In December 2018, the U.S. Senate passed a federal anti-lynching bill for the first time. The significant milestone is preceded by at least 240 failed attempts since 1901 to pass any bill or resolution mentioning lynching in Congress. These attempts to outlaw lynching peaked during Franklin D. Roosevelt’s presidency. First Lady Eleanor Roosevelt was a strong supporter of anti-lynching legislation, but FDR never supported it for fear of alienating white Democratic voters in the south.
Eleanor joined the NAACP during FDR’s first term in 1934 and began working with leader Walter White to outlaw lynching. This work earned her a lot of enemies, as well as some death threats. Critics of her husband like J. Edgar Hoover spread racist rumors that she was mixed race; and in the 1950s, the Ku Klux Klan put a $25,000 bounty on her head. Her work also caused a rift between her and her husband, whom she could never convince to support her cause.

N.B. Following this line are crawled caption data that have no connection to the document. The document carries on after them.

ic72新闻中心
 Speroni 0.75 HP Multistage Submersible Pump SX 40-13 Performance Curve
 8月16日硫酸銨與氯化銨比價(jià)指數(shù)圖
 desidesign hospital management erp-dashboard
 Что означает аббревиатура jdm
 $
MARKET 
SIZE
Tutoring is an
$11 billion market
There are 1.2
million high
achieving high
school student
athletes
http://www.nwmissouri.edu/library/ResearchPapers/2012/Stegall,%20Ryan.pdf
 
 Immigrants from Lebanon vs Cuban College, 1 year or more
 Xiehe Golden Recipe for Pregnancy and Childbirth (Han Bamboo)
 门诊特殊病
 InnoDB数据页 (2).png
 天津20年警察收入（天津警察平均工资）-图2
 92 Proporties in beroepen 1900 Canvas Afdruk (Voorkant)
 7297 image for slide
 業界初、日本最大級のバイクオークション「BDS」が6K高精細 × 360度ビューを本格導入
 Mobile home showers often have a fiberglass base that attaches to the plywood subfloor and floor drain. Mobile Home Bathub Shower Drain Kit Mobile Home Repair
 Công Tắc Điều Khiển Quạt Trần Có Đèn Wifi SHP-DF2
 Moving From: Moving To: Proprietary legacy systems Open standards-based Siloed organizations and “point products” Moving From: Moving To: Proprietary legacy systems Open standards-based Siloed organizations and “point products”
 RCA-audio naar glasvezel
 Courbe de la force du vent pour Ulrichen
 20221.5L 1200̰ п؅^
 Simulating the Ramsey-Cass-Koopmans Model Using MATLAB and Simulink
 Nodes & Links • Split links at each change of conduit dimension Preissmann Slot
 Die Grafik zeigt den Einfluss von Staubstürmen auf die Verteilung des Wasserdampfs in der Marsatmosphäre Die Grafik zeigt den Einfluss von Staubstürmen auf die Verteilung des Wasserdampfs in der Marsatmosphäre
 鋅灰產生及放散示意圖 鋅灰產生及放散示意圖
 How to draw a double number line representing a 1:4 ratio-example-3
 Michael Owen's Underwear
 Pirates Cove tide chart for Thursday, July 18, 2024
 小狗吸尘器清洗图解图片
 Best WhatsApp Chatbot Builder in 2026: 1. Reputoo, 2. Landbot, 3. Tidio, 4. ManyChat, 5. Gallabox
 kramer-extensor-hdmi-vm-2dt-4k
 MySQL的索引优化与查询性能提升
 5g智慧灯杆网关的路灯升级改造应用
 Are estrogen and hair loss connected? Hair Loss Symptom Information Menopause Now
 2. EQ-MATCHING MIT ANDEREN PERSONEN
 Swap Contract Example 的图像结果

In the mid-30s, the NAACP persuaded Democratic Senators Robert Wagner and Edward Costigan to sponsor an anti-lynching bill. The legislation couldn’t survive without the president’s support, so Eleanor arranged a meeting with White and FDR to try to convince the president to endorse it. The meeting didn’t go well.
“Somebody’s been priming you. Was it my wife?” FDR asked in annoyance after White presented his case. “If I come out for the anti-lynching bill now, [southern Democrats] will block every bill I ask Congress to pass to keep America from collapsing. I just can’t take the risk.”
Those bills he wanted to pass to keep America from collapsing were part of the New Deal. At the time, “the southern Democrats in the Senate are holding the New Deal hostage and refusing to move on New Deal issues unless the rest of the Democratic party backs off the anti-lynching bills,” says Eric Rauchway, a history professor at the University of California, Davis.
The demographics of Republican and Democratic voters back then were much different than they are today. From the mid-19th century through the passage of the Civil Rights Act of 1964, the Democratic party’s base was made up of white southerners in the south, and Catholics and immigrants in big industrial cities of the north and west.
“That’s a real awkward coalition to hold together if you’re talking about…issues of race,” Rauchway says. In the south, racist laws and practices prohibited black Americans from voting. When thousands of black people moved north during the Great Migration, they began exercising their voting rights in the big industrial cities that Democrats had counted on for votes. Some Democrats, like Senator Wagner, courted these new votes by supporting civil rights legislation. Others, like FDR, chose to hold onto the southern white vote instead.
So when the Democrats won both the presidency and a Congressional majority in 1932, “you have this kind of split party,” Rauchway says.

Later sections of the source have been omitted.